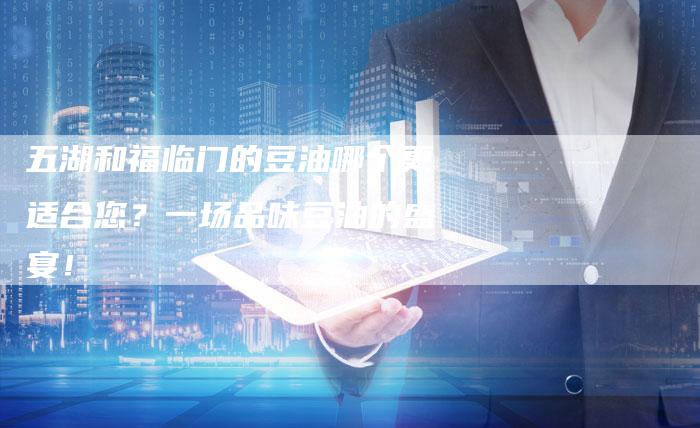 五湖和福临门的豆油哪个更适合您？一场品味豆油的盛宴！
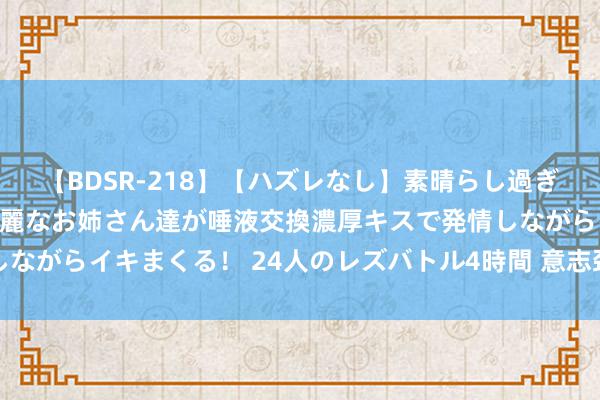 【BDSR-218】【ハズレなし】素晴らし過ぎる美女レズ。 ガチで綺麗なお姉さん達が唾液交換濃厚キスで発情しながらイキまくる！ 24人のレズバトル4時間 意志颈纹的成因及类型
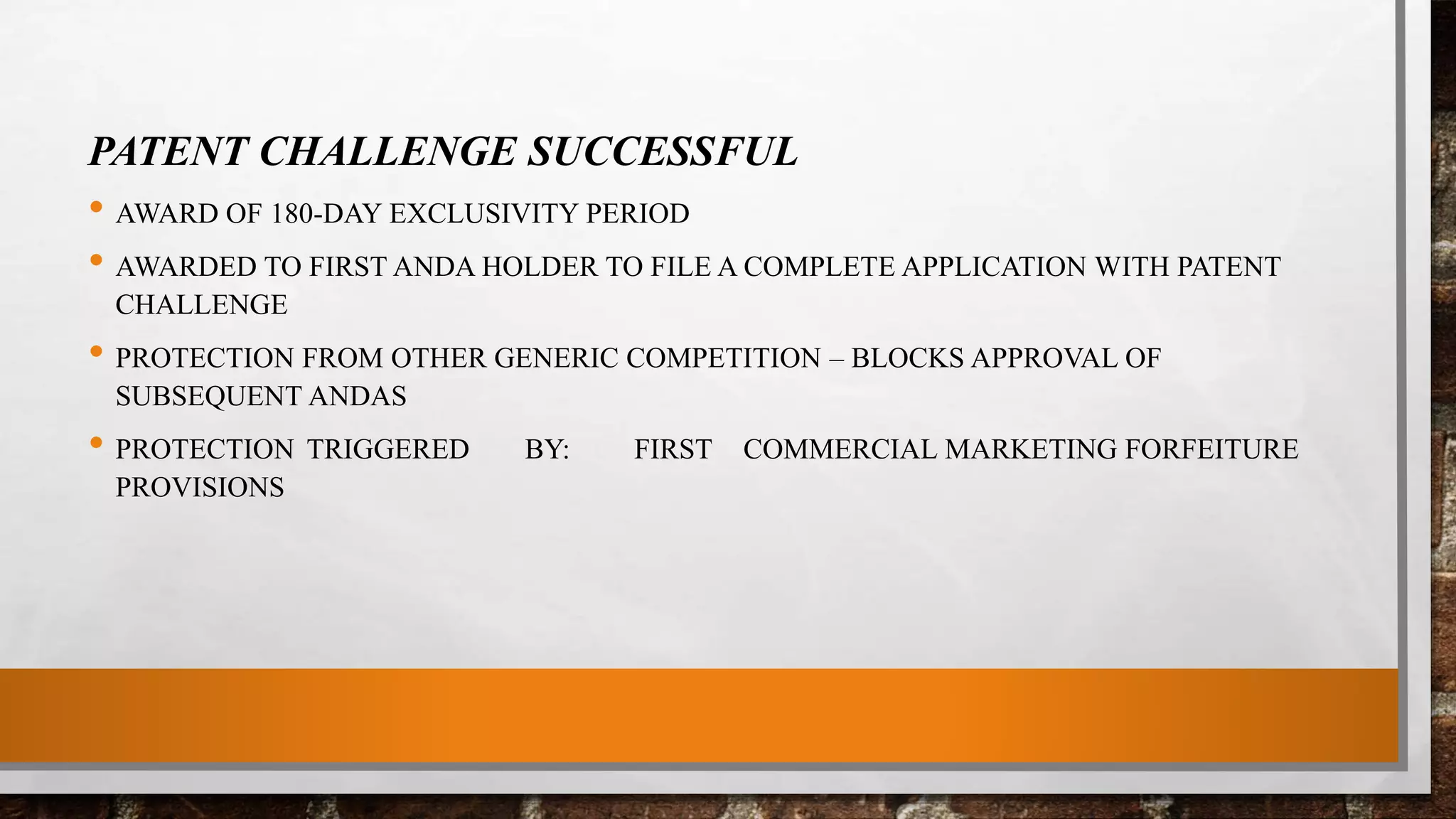 PATENT CHALLENGE SUCCESSFUL
• AWARD OF 180-DAY EXCLUSIVITY PERIOD
• AWARDED TO FIRST ANDA HOLDER TO FILE A COMPLETE APPLICATION WITH PATENT
CHALLENGE
• PROTECTION FROM OTHER GENERIC COMPETITION – BLOCKS APPROVAL OF
SUBSEQUENT ANDAS
• PROTECTION TRIGGERED BY: FIRST COMMERCIAL MARKETING FORFEITURE
PROVISIONS
 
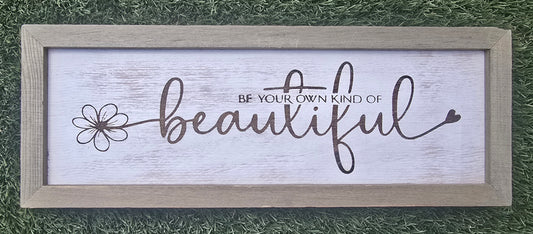 Be Your Own Kind of Beautiful
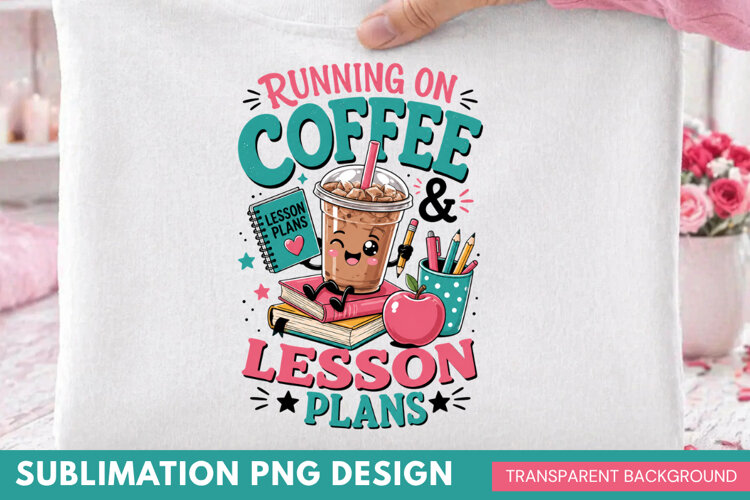 running on coffee and lesson plans, teacher PNG, iced coffee example image 1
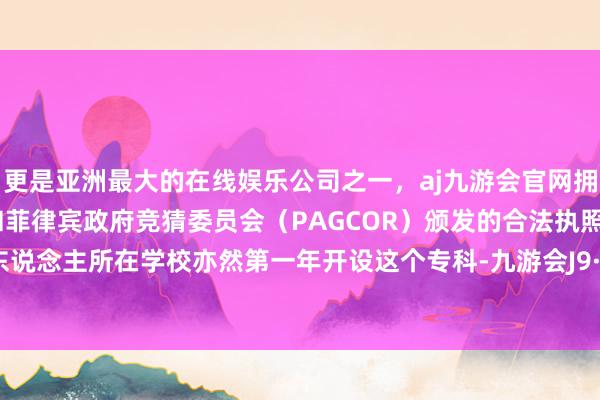 更是亚洲最大的在线娱乐公司之一，aj九游会官网拥有欧洲马耳他（MGA）和菲律宾政府竞猜委员会（PAGCOR）颁发的合法执照。甚而本东说念主所在学校亦然第一年开设这个专科-九游会J9·(china)官方网站-真人游戏第一品牌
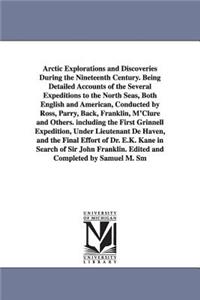 Arctic Explorations and Discoveries During the Nineteenth Century. Being Detailed Accounts of the Several Expeditions to the North Seas, Both English and American, Conducted by Ross, Parry, Back, Franklin, M'Clure and Others. including the First Gr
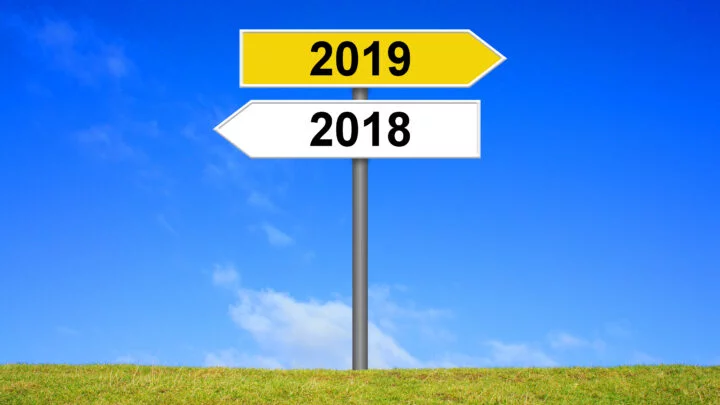 Look Back at 2018 and Forward to 2019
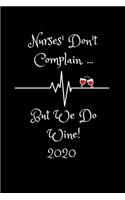 Nurses' Don't Complain But We Do Wine 2020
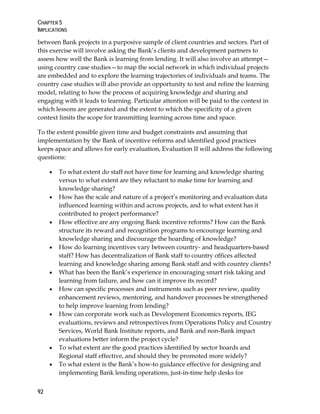 CHAPTER 5
IMPLICATIONS
92
between Bank projects in a purposive sample of client countries and sectors. Part of
this exercise will involve asking the Bank’s clients and development partners to
assess how well the Bank is learning from lending. It will also involve an attempt—
using country case studies—to map the social network in which individual projects
are embedded and to explore the learning trajectories of individuals and teams. The
country case studies will also provide an opportunity to test and refine the learning
model, relating to how the process of acquiring knowledge and sharing and
engaging with it leads to learning. Particular attention will be paid to the context in
which lessons are generated and the extent to which the specificity of a given
context limits the scope for transmitting learning across time and space.
To the extent possible given time and budget constraints and assuming that
implementation by the Bank of incentive reforms and identified good practices
keeps apace and allows for early evaluation, Evaluation II will address the following
questions:
• To what extent do staff not have time for learning and knowledge sharing
versus to what extent are they reluctant to make time for learning and
knowledge sharing?
• How has the scale and nature of a project’s monitoring and evaluation data
influenced learning within and across projects, and to what extent has it
contributed to project performance?
• How effective are any ongoing Bank incentive reforms? How can the Bank
structure its reward and recognition programs to encourage learning and
knowledge sharing and discourage the hoarding of knowledge?
• How do learning incentives vary between country- and headquarters-based
staff? How has decentralization of Bank staff to country offices affected
learning and knowledge sharing among Bank staff and with country clients?
• What has been the Bank’s experience in encouraging smart risk taking and
learning from failure, and how can it improve its record?
• How can specific processes and instruments such as peer review, quality
enhancement reviews, mentoring, and handover processes be strengthened
to help improve learning from lending?
• How can corporate work such as Development Economics reports, IEG
evaluations, reviews and retrospectives from Operations Policy and Country
Services, World Bank Institute reports, and Bank and non-Bank impact
evaluations better inform the project cycle?
• To what extent are the good practices identified by sector boards and
Regional staff effective, and should they be promoted more widely?
• To what extent is the Bank’s how-to guidance effective for designing and
implementing Bank lending operations, just-in-time help desks for
 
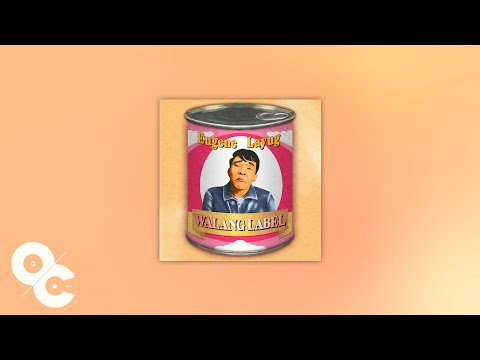 Eugene Layug - Walang Label (Official Audio)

WORK TO COMPLETE:
Every record must be transcribed faithfully, with no picture carried over.

SOLUTION BELOW:
 五湖和福临门的豆油哪个更适合您？一场品味豆油的盛宴！
 【BDSR-218】【ハズレなし】素晴らし過ぎる美女レズ。 ガチで綺麗なお姉さん達が唾液交換濃厚キスで発情しながらイキまくる！ 24人のレズバトル4時間 意志颈纹的成因及类型
 PATENT CHALLENGE SUCCESSFUL
• AWARD OF 180-DAY EXCLUSIVITY PERIOD
• AWARDED TO FIRST ANDA HOLDER TO FILE A COMPLETE APPLICATION WITH PATENT
CHALLENGE
• PROTECTION FROM OTHER GENERIC COMPETITION – BLOCKS APPROVAL OF
SUBSEQUENT ANDAS
• PROTECTION TRIGGERED BY: FIRST COMMERCIAL MARKETING FORFEITURE
PROVISIONS
 
 Be Your Own Kind of Beautiful
 running on coffee and lesson plans, teacher PNG, iced coffee example image 1
 更是亚洲最大的在线娱乐公司之一，aj九游会官网拥有欧洲马耳他（MGA）和菲律宾政府竞猜委员会（PAGCOR）颁发的合法执照。甚而本东说念主所在学校亦然第一年开设这个专科-九游会J9·(china)官方网站-真人游戏第一品牌
 Arctic Explorations and Discoveries During the Nineteenth Century. Being Detailed Accounts of the Several Expeditions to the North Seas, Both English and American, Conducted by Ross, Parry, Back, Franklin, M'Clure and Others. including the First Gr
 Look Back at 2018 and Forward to 2019
 Nurses' Don't Complain But We Do Wine 2020
 CHAPTER 5
IMPLICATIONS
92
between Bank projects in a purposive sample of client countries and sectors. Part of
this exercise will involve asking the Bank’s clients and development partners to
assess how well the Bank is learning from lending. It will also involve an attempt—
using country case studies—to map the social network in which individual projects
are embedded and to explore the learning trajectories of individuals and teams. The
country case studies will also provide an opportunity to test and refine the learning
model, relating to how the process of acquiring knowledge and sharing and
engaging with it leads to learning. Particular attention will be paid to the context in
which lessons are generated and the extent to which the specificity of a given
context limits the scope for transmitting learning across time and space.
To the extent possible given time and budget constraints and assuming that
implementation by the Bank of incentive reforms and identified good practices
keeps apace and allows for early evaluation, Evaluation II will address the following
questions:
• To what extent do staff not have time for learning and knowledge sharing
versus to what extent are they reluctant to make time for learning and
knowledge sharing?
• How has the scale and nature of a project’s monitoring and evaluation data
influenced learning within and across projects, and to what extent has it
contributed to project performance?
• How effective are any ongoing Bank incentive reforms? How can the Bank
structure its reward and recognition programs to encourage learning and
knowledge sharing and discourage the hoarding of knowledge?
• How do learning incentives vary between country- and headquarters-based
staff? How has decentralization of Bank staff to country offices affected
learning and knowledge sharing among Bank staff and with country clients?
• What has been the Bank’s experience in encouraging smart risk taking and
learning from failure, and how can it improve its record?
• How can specific processes and instruments such as peer review, quality
enhancement reviews, mentoring, and handover processes be strengthened
to help improve learning from lending?
• How can corporate work such as Development Economics reports, IEG
evaluations, reviews and retrospectives from Operations Policy and Country
Services, World Bank Institute reports, and Bank and non-Bank impact
evaluations better inform the project cycle?
• To what extent are the good practices identified by sector boards and
Regional staff effective, and should they be promoted more widely?
• To what extent is the Bank’s how-to guidance effective for designing and
implementing Bank lending operations, just-in-time help desks for
 
 Eugene Layug - Walang Label (Official Audio)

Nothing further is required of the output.